With Locker sidelined indefinitely, redshirt freshman Ronnie Fouch takes over as the team’s starting quarter.
A graduate of Redlands (Calif.) East Valley High, Fouch has been at UW since the spring quarter of 2007, and has taken part in two spring practices.
And while he has never played in a game, Willingham and Locker each said they think Fouch can do the job well, if needed.
“Ronnie did a great job yesterday coming in and running the offense, so I don’t think we’ll miss anything,” Locker said. “Those guys respect him and he’s got control of the huddle and he’ll do a good job. He’ll keep the offense on track. And I’m able to take mental reps when I’m out there, seeing the same things he is. I’m just not able to make the throws. So if anything, it will be good for me to be able to get out there and really watch the game and study it. I’ll still be learning while I’m out there.”
Fouch, listed at 6-1, 203, is known for his accurate passing and being able to run, though not as well as Locker, who last year set the Pac-10 record for rushing yards by a QB with 986.

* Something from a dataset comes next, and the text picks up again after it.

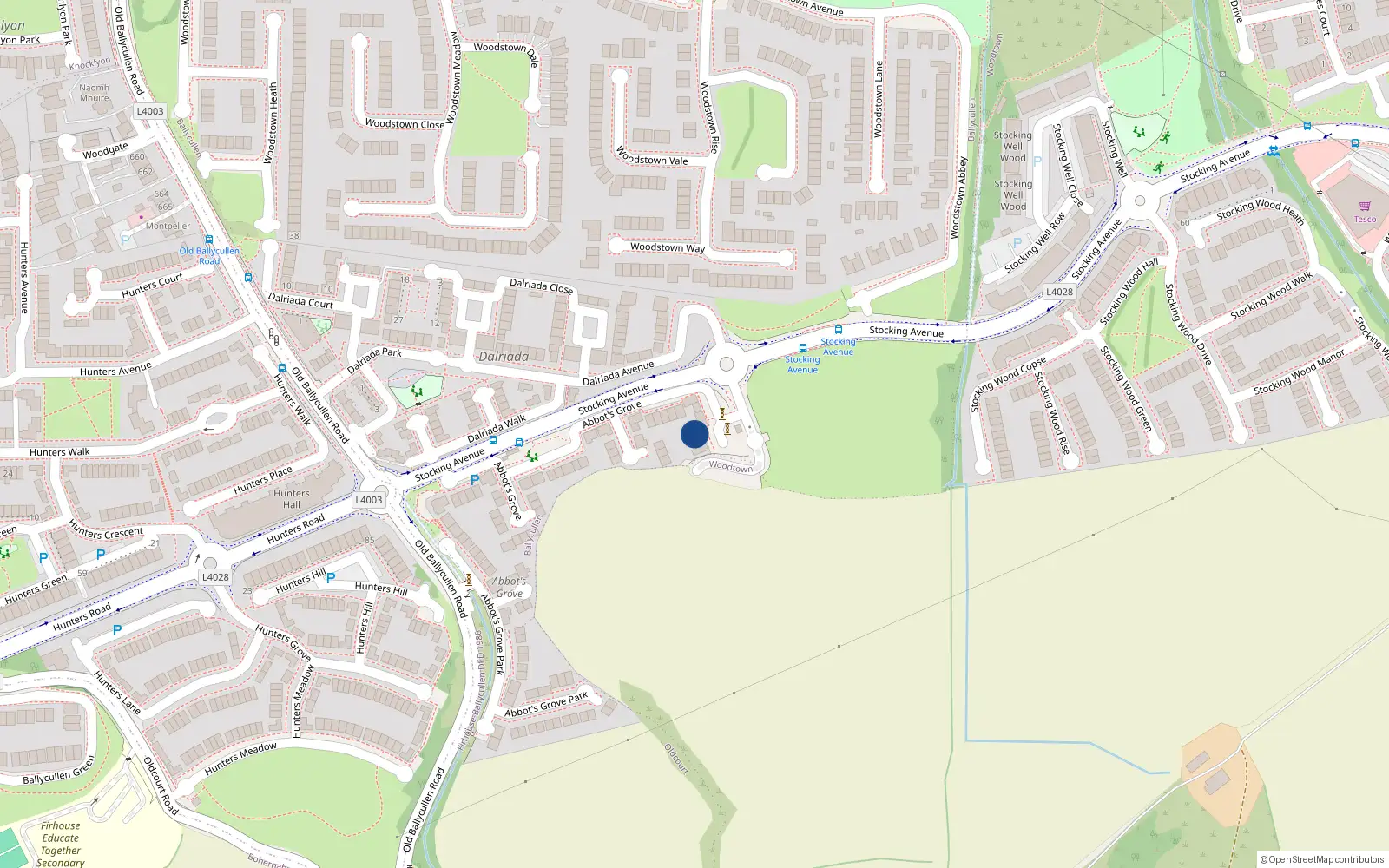 Overhead map showing the location of 3 Abbots Grove Avenue, Dublin 16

And while Willingham praised the ability of Fouch, he acknowledged that Locker’s status as the leader of the team could be something hard to replace long-term.

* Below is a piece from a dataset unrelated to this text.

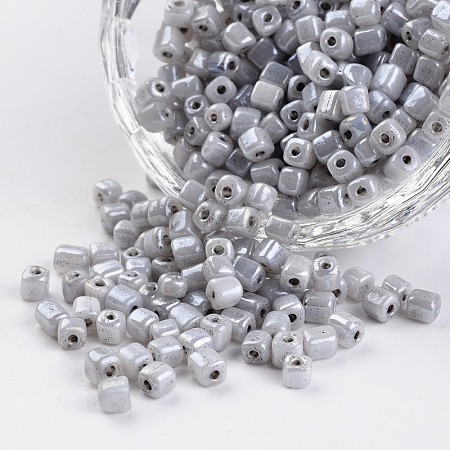 6/0 Cube Ceylon Round Hole Glass Seed Beads SEED-I002-F149-1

“Obviously the leadership role is so much different from that position, so that casts a gigantic shadow on your football team when you lose that position,” Willingham said. “But at the same time, it’s what you kind of prepare for all the time. Your team has to have the same mentality as whether it’s a starting tackle, a right guard. The next guy has to step in and be ready to step up and lead the charge.”
An even bigger issue is the backup behind Fouch.

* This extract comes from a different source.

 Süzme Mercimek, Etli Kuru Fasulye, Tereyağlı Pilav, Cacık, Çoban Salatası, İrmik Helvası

UW has just three scholarship QBs: Locker, Fouch, and incoming freshman Luther Leonard of Evergreen High in Seattle. The Huskies signed another last year, Dominique Blackman of Carson, Calif. But he is academically ineligible and won’t enroll until January.
Willingham said Leonard is battling with walk-on redshirt freshman Taylor Bean for the spot behind Fouch.
“The third position [behind Fouch] we’ll see,” Willingham said.
Losing Locker for any period of time would be a big blow to a Husky team seeking its first winning season since 2002. Locker is perceived as the one sure-thing on an offense that is young and unproven at most of the other skill positions.
The Oregon game starts a brutal stretch for the Huskies, who then host BYU and Oklahoma in a schedule some call the toughest in the nation.
That’s a stretch that figures to go a long way toward determining the course of the season, which in turn will determine the future of Willingham, who is 11-25 in three years at UW and has just two years left on his contract.
Locker’s injury continues a recent string of bad news for the Huskies.
Starting center Juan Garcia suffered a Lisfranc injury in the spring and his status for the season remains uncertain. The leading tackler from a year ago, linebacker E.J. Savannah, is not on the roster due to academic issues and it is uncertain if he will be back this season.